JOHN W. LUNGSTRUM, District Judge.
In July 2007, Daniel Anita entered a plea of guilty to conspiracy to distribute and to possess with intent to distribute cocaine. The court ultimately determined that Mr. Anita's total offense level was 33 and assigned a criminal history category of I. The resulting advisory guideline range for imprisonment was 135 to 168 months. The court sentenced Mr. Anita to a sentence of 168 months, the high end of the range.
This matter is before the court on Mr. Anita's motion for reduction of sentence pursuant to 18 U.S.C. § 3582(c)(2) in which he asks the court to reduce his sentence based on Amendment 782 to the United States Sentencing Guidelines which took effect on November 1, 2014 and lowers the base offense levels in the Drug Quantity Table. Under the amended guidelines, Mr.
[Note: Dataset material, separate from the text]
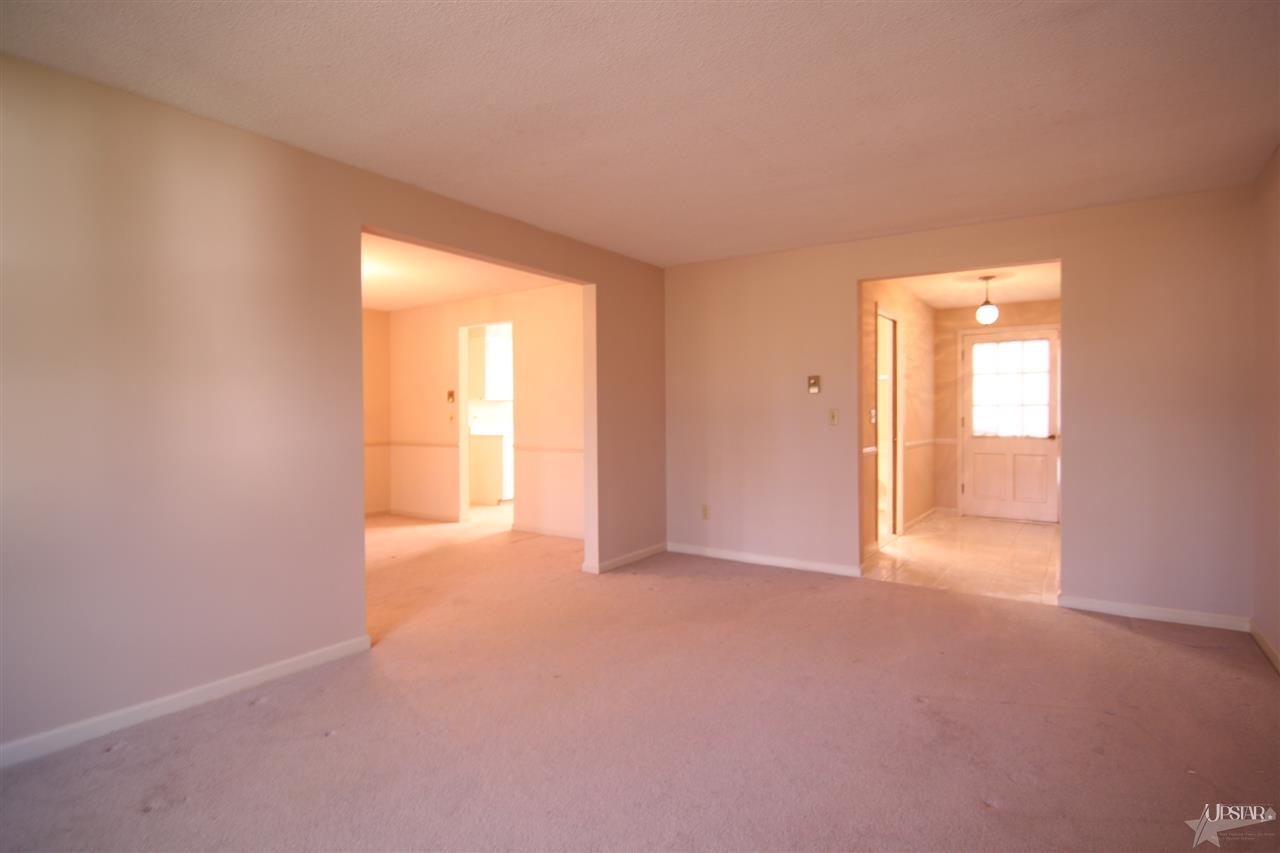 10707 Lagoon Dr, Grabill, IN 46741 photo 11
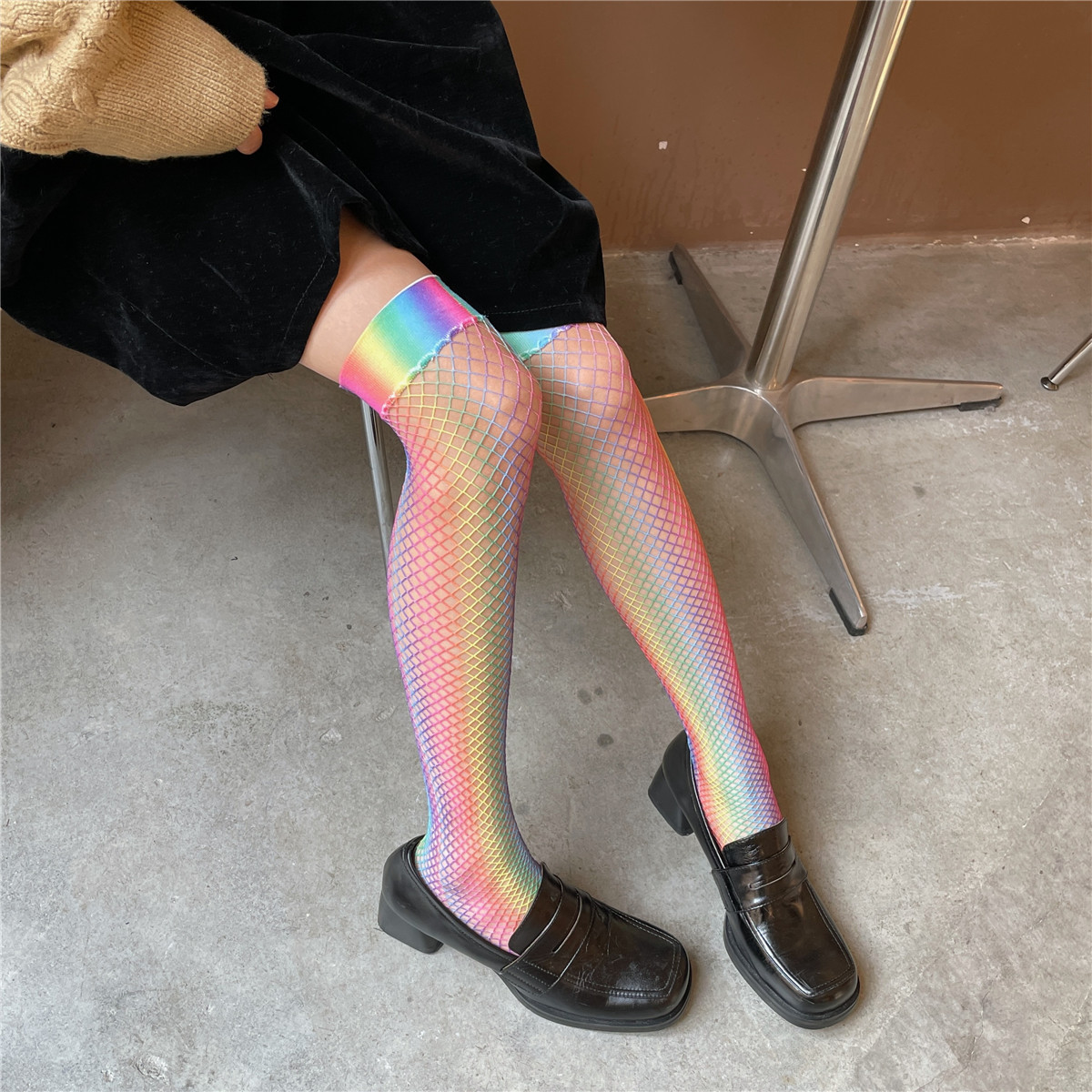 Frauen Sexy Lange Fishnet Regenbogen Farbe Strümpfe Damen Einzigartige Neue Design Über Das Knie Oberschenkel Hohe Socken Medias JK Mesh Strümpfe – Detail 1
Anita's total offense level is 31. With a criminal history category of I, his amended guideline range is 120 months to 135 months imprisonment, in light of the mandatory minimum of 120 months. In his motion for reduction, Mr. Anita requests that the court resentence him to 120 months imprisonment, the low end of the range. In response, the government concedes that Mr. Anita is eligible for a reduction (and the parties agree as to the amended range) but contends that the court should re-sentence Mr. Anita at the high end of the range as it did in connection with Mr. Anita's original sentence.
Following the Supreme Court's decision in Dillon v. United States, 560 U.S. 817 (2010), the Tenth Circuit has recognized that § 3582(c)(2) "prescribes a two-step inquiry for determining whether a defendant is entitled to have his originally-imposed sentence reduced: the first question, a matter of law, is whether a sentence reduction is even authorized; the second question, a matter of discretion, is whether an authorized reduction is in fact warranted." United States v. White, 765 F.3d 1240, 1245 (10th Cir. 2014) (emphasis in original). Because the government does not dispute that a sentence reduction is authorized in this case, only the second question is at issue here. In determining whether a sentence is warranted, the district court must "consider the § 3553(a) sentencing factors, including the nature, seriousness, and circumstances of the offense, the history and characteristics of the defendant, the need to protect the public from further crimes of the defendant, and any threat to public safety." United States v. Meridyth, 573 Fed. Appx. 791, 794 (10th Cir. 2014) (citations omitted).
The court concludes that a reduction is warranted and, consistent with its practice, will resentence Mr. Anita to the high end of the amended range as it did in connection with Mr. Anita's original sentence. There is nothing in the record to suggest that a greater reduction is warranted and, for the reasons set forth in detail by the court at Mr. Anita's initial sentencing— including the fact that Mr. Anita likely would have been assigned a higher offense level if the government had known earlier in the process the large quantities of drugs in which Mr. Anita was involved—a sentence at the high end remains appropriate.